TASK TO COMPLETE: The result should be the line with "Calca Sarja High Fit Viber 322" followed by every remaining line of the entries, each reproduced exactly, with nothing else.

AVAILABLE DATA below:

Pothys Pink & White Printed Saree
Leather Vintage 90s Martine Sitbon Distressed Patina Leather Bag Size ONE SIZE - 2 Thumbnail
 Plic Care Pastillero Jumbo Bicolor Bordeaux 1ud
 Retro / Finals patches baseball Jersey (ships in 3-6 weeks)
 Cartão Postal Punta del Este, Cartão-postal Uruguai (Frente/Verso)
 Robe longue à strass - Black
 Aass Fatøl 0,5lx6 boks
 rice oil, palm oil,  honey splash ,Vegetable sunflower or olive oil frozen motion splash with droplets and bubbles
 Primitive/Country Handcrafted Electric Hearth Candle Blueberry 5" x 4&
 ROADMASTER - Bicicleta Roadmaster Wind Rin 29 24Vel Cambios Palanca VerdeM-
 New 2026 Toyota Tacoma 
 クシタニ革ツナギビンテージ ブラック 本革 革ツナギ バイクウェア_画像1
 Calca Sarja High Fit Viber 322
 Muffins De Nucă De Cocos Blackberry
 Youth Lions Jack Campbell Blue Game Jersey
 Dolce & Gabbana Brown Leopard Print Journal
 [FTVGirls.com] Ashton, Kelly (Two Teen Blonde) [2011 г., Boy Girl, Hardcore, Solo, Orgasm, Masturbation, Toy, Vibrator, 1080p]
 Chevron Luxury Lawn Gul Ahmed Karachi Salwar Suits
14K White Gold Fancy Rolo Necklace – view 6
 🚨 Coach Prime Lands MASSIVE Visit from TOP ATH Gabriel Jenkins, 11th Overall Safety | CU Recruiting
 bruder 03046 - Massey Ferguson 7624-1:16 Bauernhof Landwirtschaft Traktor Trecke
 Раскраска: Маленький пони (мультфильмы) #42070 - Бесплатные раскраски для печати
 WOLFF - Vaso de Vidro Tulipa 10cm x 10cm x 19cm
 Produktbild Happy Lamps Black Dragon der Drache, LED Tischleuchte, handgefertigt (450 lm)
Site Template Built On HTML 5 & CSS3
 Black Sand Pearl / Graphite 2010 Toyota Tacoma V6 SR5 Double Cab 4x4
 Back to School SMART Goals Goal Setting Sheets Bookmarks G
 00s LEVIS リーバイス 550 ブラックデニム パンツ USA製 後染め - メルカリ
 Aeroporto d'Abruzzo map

End of AVAILABLE DATA.

WRITTEN RESPONSE:
 Calca Sarja High Fit Viber 322
 Muffins De Nucă De Cocos Blackberry
 Youth Lions Jack Campbell Blue Game Jersey
 Dolce & Gabbana Brown Leopard Print Journal
 [FTVGirls.com] Ashton, Kelly (Two Teen Blonde) [2011 г., Boy Girl, Hardcore, Solo, Orgasm, Masturbation, Toy, Vibrator, 1080p]
 Chevron Luxury Lawn Gul Ahmed Karachi Salwar Suits
14K White Gold Fancy Rolo Necklace – view 6
 🚨 Coach Prime Lands MASSIVE Visit from TOP ATH Gabriel Jenkins, 11th Overall Safety | CU Recruiting
 bruder 03046 - Massey Ferguson 7624-1:16 Bauernhof Landwirtschaft Traktor Trecke
 Раскраска: Маленький пони (мультфильмы) #42070 - Бесплатные раскраски для печати
 WOLFF - Vaso de Vidro Tulipa 10cm x 10cm x 19cm
 Produktbild Happy Lamps Black Dragon der Drache, LED Tischleuchte, handgefertigt (450 lm)
Site Template Built On HTML 5 & CSS3
 Black Sand Pearl / Graphite 2010 Toyota Tacoma V6 SR5 Double Cab 4x4
 Back to School SMART Goals Goal Setting Sheets Bookmarks G
 00s LEVIS リーバイス 550 ブラックデニム パンツ USA製 後染め - メルカリ
 Aeroporto d'Abruzzo map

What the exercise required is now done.